We have also published guidance on video consultations and home working.
These should be read alongside guidance from the RCGP on workload prioritisation and NHS England guidance and standard operating procedures.
Guidance for practices in Scotland has been co-produced by the BMA, RCGP and Scottish Government. It recommends a number of steps for practices, including triage of patient appointments and services that can be paused to free up capacity.
Patients on the shielding list
Practices must review the list to ensure it is accurate.

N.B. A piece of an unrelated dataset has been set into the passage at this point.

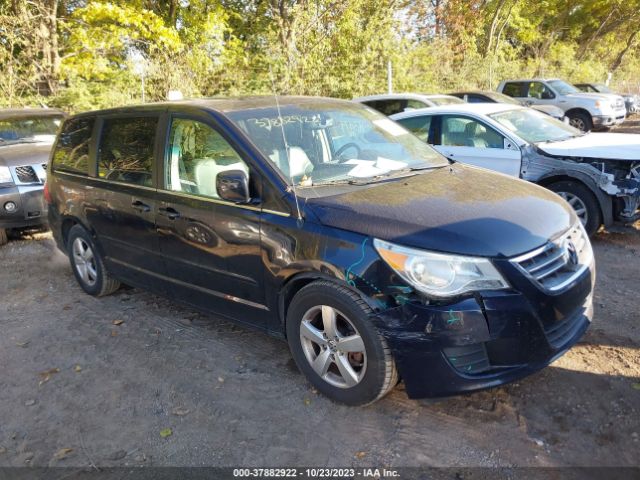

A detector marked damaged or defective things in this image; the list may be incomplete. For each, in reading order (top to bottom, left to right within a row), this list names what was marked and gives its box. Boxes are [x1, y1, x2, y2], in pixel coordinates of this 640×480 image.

damaged vehicle [0, 107, 65, 246]
damaged vehicle [390, 103, 640, 236]
damaged vehicle [47, 97, 592, 404]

NHSE has used various data sources and codes to extract the list and we are aware that the second list provided on 10 April may have included more inaccuracies.
We have prepared guidance on the list of at-risk patients and shielding arrangements.
Practices should do what they can to ensure the list is appropriate and updated so that patients can get access to the necessary services.
Hospitals are also able to add to the list of patients shielding and this is to be done directly by them through a separate process. Practices will be notified of additions to the list as appropriate.
Unfortunately, a large number of patients did not receive letters, and may be in contact with practices. GPs are able to issue the letter if they think appropriate to do so and in agreement with the patient.
Practices have been asked by the Scottish Government to assist with identifying patients who fall into the highest risk groups who have not been identified centrally.
Practices have been asked to contact these patients to update anticipatory care plans and key information summaries. Shielding patients will fall into one of seven groups and practices are asked to notify the health board of the CHI number and category number of any patients identified as being in the highest risk group who have not been identified nationally.
The Scottish Government has developed guidance on what it is asking practices to do to support shielding.
NHS111 and CCAS direct booking into practices
NHSE has announced that the CCAS (COVID clinical assessment service) will be able to book patients, who have been appropriately clinically triaged, directly into practices, at a rate of 1 appointment per 500 registered patients.
This is intended to be a hand-off of patients from CCAS, rather than a booking into an appointment and should operate as a worklist for practices to manage in they way they see fit.
From 30 March until 30 June 2020 all practices in England must make one appointment per 500 registered patients per day available for direct booking by NHS 111. This supersedes the previous requirement of one appointment per 3,000 registered patients and is not in addition.